▶ Material for this task
= Beginning of Section =

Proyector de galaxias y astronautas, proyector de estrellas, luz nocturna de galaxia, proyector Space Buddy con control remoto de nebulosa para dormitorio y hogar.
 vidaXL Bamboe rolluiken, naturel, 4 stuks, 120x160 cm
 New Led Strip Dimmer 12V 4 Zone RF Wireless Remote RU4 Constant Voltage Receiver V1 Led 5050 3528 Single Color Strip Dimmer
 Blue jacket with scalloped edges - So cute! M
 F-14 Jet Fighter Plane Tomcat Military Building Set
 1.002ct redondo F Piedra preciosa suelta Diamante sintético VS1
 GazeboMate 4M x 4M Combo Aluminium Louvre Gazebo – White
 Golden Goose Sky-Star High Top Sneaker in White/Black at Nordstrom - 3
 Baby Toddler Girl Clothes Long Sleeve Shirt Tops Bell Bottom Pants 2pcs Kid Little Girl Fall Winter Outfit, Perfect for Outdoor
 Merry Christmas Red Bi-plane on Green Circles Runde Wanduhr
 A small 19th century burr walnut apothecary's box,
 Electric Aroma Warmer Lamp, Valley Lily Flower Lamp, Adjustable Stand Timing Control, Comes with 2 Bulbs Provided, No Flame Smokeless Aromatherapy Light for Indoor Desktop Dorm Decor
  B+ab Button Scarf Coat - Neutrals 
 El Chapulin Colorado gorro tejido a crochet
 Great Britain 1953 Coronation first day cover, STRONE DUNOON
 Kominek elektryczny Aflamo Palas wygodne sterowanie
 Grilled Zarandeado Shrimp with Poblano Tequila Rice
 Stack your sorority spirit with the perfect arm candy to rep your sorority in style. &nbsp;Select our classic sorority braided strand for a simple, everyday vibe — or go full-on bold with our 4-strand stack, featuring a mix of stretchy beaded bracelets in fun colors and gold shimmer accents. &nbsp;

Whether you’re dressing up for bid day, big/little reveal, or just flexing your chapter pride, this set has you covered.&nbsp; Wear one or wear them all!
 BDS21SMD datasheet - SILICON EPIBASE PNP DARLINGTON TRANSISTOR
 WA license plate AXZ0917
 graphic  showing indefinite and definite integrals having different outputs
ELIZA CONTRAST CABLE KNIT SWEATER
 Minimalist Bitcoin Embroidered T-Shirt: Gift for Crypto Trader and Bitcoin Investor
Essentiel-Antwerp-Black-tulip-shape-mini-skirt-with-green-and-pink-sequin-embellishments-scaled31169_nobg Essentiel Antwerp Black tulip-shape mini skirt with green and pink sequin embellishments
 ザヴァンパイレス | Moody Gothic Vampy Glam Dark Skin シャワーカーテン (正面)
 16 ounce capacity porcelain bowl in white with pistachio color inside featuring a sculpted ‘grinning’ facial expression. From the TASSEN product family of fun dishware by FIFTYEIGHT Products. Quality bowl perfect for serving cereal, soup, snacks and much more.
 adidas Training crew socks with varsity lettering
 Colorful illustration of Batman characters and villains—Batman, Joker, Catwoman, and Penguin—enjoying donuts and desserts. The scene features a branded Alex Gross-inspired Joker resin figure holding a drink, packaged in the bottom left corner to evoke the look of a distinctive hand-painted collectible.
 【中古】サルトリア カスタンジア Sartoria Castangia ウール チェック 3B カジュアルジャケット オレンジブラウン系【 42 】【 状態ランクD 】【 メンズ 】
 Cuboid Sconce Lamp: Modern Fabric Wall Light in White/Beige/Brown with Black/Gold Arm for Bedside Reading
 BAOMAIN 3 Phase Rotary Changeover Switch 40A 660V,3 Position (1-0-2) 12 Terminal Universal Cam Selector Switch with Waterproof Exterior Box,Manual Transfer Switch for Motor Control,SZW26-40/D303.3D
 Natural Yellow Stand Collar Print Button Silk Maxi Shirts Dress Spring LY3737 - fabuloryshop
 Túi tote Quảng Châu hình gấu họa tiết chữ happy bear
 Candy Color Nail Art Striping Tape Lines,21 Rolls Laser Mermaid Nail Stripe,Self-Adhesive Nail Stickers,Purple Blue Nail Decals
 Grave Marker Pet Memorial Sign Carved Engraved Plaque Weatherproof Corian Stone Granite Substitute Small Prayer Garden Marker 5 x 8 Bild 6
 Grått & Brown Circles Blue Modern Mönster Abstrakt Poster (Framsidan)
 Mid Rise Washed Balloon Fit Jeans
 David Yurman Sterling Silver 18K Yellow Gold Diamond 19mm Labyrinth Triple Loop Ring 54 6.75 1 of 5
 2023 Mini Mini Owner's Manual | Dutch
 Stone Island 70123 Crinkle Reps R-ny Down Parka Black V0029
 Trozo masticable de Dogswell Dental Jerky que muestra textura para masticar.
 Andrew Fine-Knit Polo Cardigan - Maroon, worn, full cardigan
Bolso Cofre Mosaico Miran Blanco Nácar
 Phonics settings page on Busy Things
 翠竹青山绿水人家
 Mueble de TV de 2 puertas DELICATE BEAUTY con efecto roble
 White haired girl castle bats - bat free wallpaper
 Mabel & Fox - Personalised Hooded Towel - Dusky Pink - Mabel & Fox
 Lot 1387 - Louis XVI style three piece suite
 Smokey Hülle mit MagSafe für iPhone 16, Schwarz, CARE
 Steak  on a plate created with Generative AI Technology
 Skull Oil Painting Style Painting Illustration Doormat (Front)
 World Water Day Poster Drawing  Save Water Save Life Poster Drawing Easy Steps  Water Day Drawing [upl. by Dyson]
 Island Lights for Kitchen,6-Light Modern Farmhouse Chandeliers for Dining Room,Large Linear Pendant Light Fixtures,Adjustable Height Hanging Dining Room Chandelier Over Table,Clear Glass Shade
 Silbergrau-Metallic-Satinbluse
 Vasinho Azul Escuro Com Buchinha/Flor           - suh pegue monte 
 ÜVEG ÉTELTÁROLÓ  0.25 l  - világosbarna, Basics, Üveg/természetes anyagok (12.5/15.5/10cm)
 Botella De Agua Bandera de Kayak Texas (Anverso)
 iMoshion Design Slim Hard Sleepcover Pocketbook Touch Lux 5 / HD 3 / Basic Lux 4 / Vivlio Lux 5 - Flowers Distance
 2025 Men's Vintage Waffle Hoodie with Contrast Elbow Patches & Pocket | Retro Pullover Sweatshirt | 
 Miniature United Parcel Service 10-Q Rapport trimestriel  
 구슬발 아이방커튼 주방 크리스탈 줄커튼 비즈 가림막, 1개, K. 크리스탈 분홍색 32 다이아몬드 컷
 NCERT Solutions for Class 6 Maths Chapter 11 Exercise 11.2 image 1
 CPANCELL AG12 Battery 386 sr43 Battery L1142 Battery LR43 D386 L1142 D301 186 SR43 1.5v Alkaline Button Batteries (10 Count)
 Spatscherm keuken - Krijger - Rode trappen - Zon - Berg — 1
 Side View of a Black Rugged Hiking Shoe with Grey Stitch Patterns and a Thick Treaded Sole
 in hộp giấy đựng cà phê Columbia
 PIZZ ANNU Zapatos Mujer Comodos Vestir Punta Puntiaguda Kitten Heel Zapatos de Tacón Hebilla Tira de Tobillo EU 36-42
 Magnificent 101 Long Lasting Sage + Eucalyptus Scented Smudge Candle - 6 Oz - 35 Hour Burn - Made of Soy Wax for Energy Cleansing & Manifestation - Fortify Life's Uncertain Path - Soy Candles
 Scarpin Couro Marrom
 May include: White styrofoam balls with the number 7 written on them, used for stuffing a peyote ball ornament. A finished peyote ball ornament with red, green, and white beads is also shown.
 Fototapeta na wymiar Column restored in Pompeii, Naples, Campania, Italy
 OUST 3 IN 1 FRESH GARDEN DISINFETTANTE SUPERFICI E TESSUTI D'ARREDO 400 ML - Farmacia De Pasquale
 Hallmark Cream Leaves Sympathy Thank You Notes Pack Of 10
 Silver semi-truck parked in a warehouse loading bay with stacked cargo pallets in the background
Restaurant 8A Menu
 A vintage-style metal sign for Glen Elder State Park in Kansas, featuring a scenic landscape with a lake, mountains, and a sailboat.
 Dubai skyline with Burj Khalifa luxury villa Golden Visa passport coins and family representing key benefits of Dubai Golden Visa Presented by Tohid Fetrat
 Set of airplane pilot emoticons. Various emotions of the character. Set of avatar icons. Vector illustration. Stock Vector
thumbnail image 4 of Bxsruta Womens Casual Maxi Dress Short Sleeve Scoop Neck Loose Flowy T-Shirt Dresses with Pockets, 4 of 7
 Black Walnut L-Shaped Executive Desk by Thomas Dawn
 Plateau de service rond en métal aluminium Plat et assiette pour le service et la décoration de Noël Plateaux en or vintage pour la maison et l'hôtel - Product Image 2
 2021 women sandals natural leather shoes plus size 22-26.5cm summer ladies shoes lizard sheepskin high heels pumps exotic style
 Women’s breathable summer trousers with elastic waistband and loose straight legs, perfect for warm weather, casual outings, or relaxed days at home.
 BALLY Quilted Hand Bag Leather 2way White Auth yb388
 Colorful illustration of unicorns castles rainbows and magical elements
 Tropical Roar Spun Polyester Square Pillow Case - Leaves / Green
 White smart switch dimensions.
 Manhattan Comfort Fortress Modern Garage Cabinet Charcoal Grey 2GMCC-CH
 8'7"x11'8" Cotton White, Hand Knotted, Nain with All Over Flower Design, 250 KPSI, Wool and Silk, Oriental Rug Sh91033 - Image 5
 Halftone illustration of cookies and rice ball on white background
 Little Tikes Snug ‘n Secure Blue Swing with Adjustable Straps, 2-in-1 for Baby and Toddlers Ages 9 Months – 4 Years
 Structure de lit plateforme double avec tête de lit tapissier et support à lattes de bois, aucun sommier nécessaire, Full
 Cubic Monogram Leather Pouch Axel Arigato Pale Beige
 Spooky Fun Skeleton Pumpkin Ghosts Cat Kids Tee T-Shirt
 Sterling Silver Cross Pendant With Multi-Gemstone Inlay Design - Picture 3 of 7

= End of Section =

▶ Your instructions
From the data above, copy each line that holds "Design".

▶ Solved exercise
 iMoshion Design Slim Hard Sleepcover Pocketbook Touch Lux 5 / HD 3 / Basic Lux 4 / Vivlio Lux 5 - Flowers Distance
 8'7"x11'8" Cotton White, Hand Knotted, Nain with All Over Flower Design, 250 KPSI, Wool and Silk, Oriental Rug Sh91033 - Image 5
 Sterling Silver Cross Pendant With Multi-Gemstone Inlay Design - Picture 3 of 7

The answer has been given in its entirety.